In 2015 Barry Richards, the great, vast, unfulfilled South African titan, revisited the moments that made him in a chat with Crispin Andrews.

First published in 2015

Done like a flipper

30-odd | South African Schools v MCC, 1963

I’d got to 30-odd, hit Richie Benaud for a couple of fours, and was feeling quite pleased with myself. One went through the covers. Not bad for a 16-year-old. Benaud was famous. Then he bowls what looks like a short one, I go back to pull it through mid-wicket, it slides on quicker and castles me. I’d never seen a flipper before. Taught me that not all bowlers were stupid. That they made plans just like batsmen.

In front of Compton

South African Schools v Western Province, January 1963

Only one other person had ever done it before. And we won, beat the full Western Province team by three wickets. Gave me a bit of notoriety as a schoolboy. Denis Compton saw the game and was very complimentary about my batting. Said these are the kids that will play Test cricket. Mike Procter, Hylton Ackerman and Lee Irvine were in that schools team too.

Flowerpot man

South African XI v Australia, December 1966

I scored my maiden first-class hundred against Bobby Simpson’s Australian tourists. It was just before the first Test, but I didn’t get selected. During that game, the team was invited to a local nightclub, but I wasn’t allowed in. Not wearing a tie. I kicked out angrily at a flowerpot, which wasn’t quite as heavy as I thought it’d be. The pot ended up in the swimming pool. There was soil everywhere. The club manager phoned the team manager. I was demoted to No.8 for the second innings and didn’t make the Test team. Back then it was all about discipline.

Convincing the hardheads

70 | Hampshire v Yorkshire, Southampton, May 1968

Not long after signing with Hampshire, I made 70 out of 122 on a very difficult pitch. Boycott, Illingworth, Close, Trueman were all playing. Guys who’d been around for a long time, come up the hard way and were very tough judges on new young players. You had to earn their respect. I wasn’t used to green tops, coming from South Africa where pitches are generally hard and true. You would, though, occasionally come across under-prepared schools wickets. You couldn’t play with as much freedom but you had to take every opportunity to score.

Stuffing the Aussies

South Africa v Australia Test series, 1969/70

There was an excuse that Australia had come to South Africa straight from a long tour in India, so were tired and below their best. There might have been some truth in that, but they’d won in India, so they’d have been on a high, too. We won 4-0. I averaged 72, and scored my first Test hundred in my second match, in the first over after lunch on the first day. South African domestic cricket was so strong in the late Sixties that there wasn’t too much of a step-up in standard playing in Tests.

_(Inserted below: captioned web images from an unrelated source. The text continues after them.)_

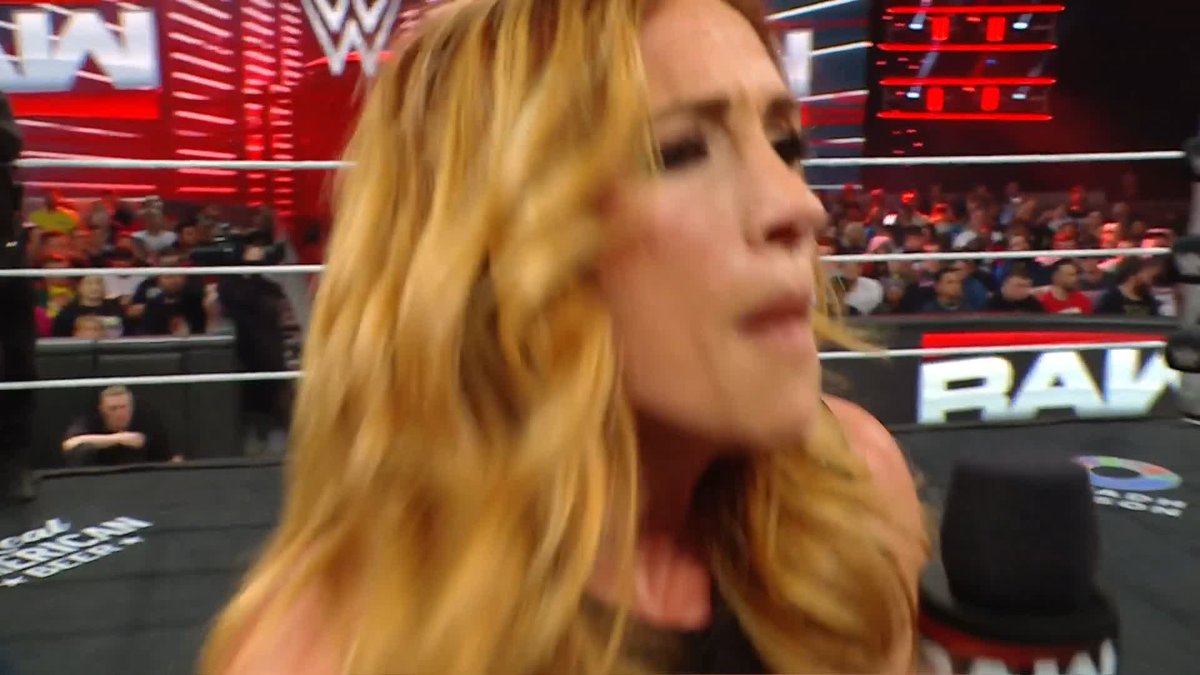 THE MAN delivers a mic drop! 🎤 #WWERaw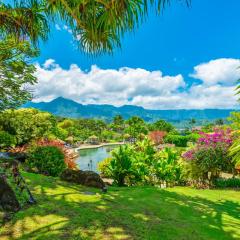 Hanalei Bay Beach Retreat with Waterfall Views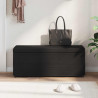 Halka Czarny 101 x 41 x 40 cm Tkanina i drewno inżynieryjne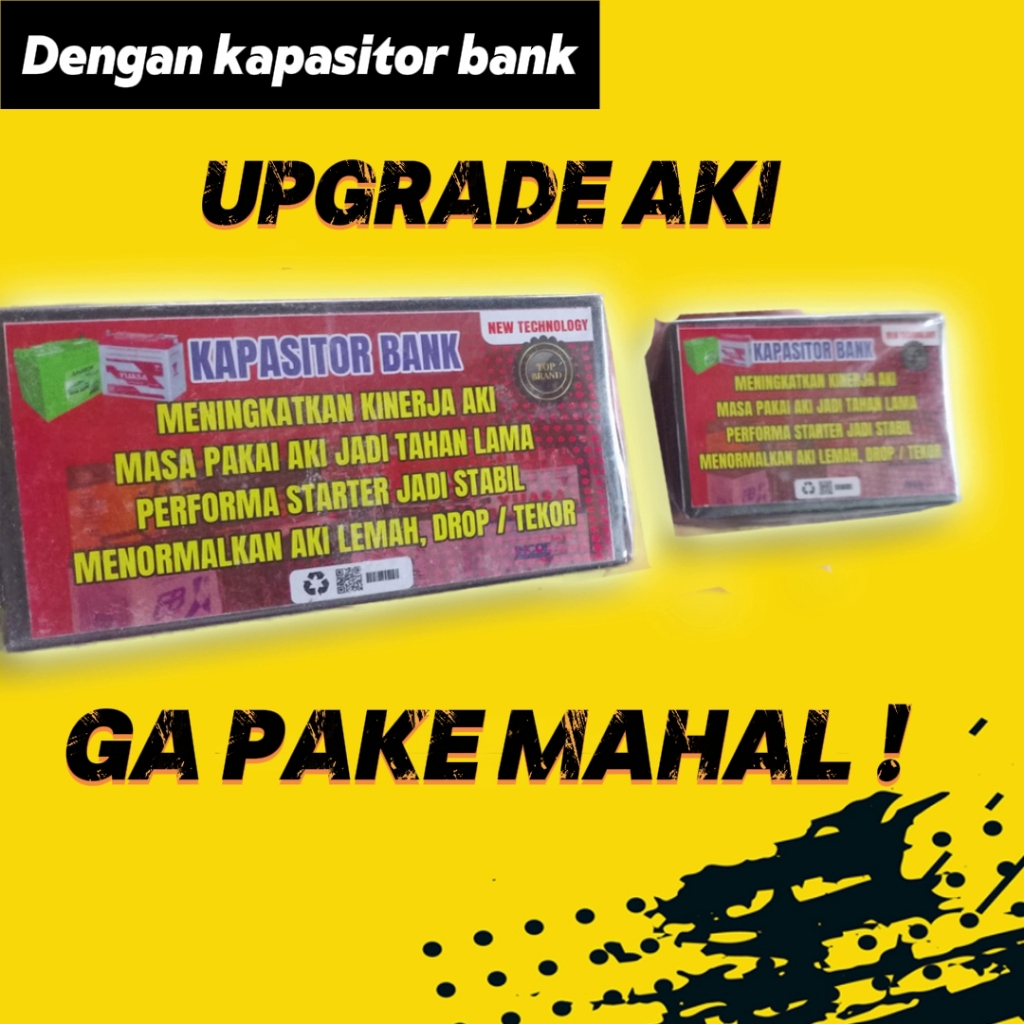 Kapasitor Capasitor bank praktis Motor/Mobil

England tour cancelled, 1970

I was playing for Hampshire at the start of the season and you could see it coming. Anti-apartheid campaigner Peter Hain had made it clear that he would interrupt the games. If the tour went ahead, Hain said that his people would walk in front of the sightscreens, run on to the field from the stands and grab the ball and throw it out of the stadium, even disrupt our travel between games. The Rest of the World games that replaced the Test series were some consolation. It was great playing alongside Sobers, Clive Lloyd and all those other guys, but it wasn’t Test cricket. Our team wasn’t out there. It wasn’t the same.

Triple in a day

356 | Western Australia v South Australia, November 1970

The first ball from Graham McKenzie bounced and moved away, I played and missed, someone said something from behind the stumps. That was the only ball that did anything all day. I don’t remember missing another in my five-and-a-half hour stay. It took a dodgy decision from the umpire to get me out for 356, the next day. Leg-spinner Tony Mann drifted one down the leg-side, I went to turn it off the face, it hit me on the pad and the umpire gave me out. I wasn’t usually a ‘big score’ man. I’d get myself in and then amuse myself. My conversion rate from 50 to 100 wasn’t very good. That day, though, I just batted on and on.


Hampshire take the County Championship, 1973

We hadn’t won it for 12 years, and only once ever in the club’s history. What stood out for me, though, wasn’t my batting – everyone did their bit with the bat – but our fielding. We caught everything that year. Me and Gordon Greenidge in the slips; but also in the outfield. The fielders gave the bowlers so much support.

Damp days in Derby

County cricket in the late Seventies

After 10 years of county cricket I’d had enough. There were guys, grinders I called them, who could go out and play every day, with no chance of being selected for Test cricket, and still motivate themselves to perform. I wasn’t a very good grinder. You’d be playing in Derby in front of two people, it’d be raining and you’d think, ‘Why am I here?’

Stuffing the Aussies – Part II

101* | World Series Cricket Super Test Final, Rest of the World v Australia, February 1979

It was a low-scoring game. We needed 224 to win and I was there at the end, 101 not out, with Imran Khan. We won by five wickets. It was a fighting innings, not as fluent as others I scored, but in the circumstances it was an important one.

Belated fulfillment

World Series Cricket 1977-79

Everyone who played in World Series Cricket will tell you it was the toughest, most competitive cricket they ever experienced. Before the first season, Kerry Packer sat all the players down and made it perfectly clear there was no room for complacency. He knew that his new brand of cricket had to look good on TV, and told us that anyone who under-performed or didn’t give it their all, would be sacked on the spot.

Kerry was there during all the big games, sniffing around, and you knew that you couldn’t afford to relax. I had the added motivation of wanting to prove myself at this level, after all those years away from Test cricket. To prove that us South Africans were still competitive.

My one disappointment is that the runs I scored against all those fast bowlers in those Super Tests don’t count as first-class runs, let alone Test runs. My Test match average, 72, would have actually gone up had they counted. And I’d have played enough games to feature in Test match records. It’s frustrating to see Zimbabwe and Bangladesh playing Test cricket, with so many mediocre players on show, and to think that WSC isn’t even recognised.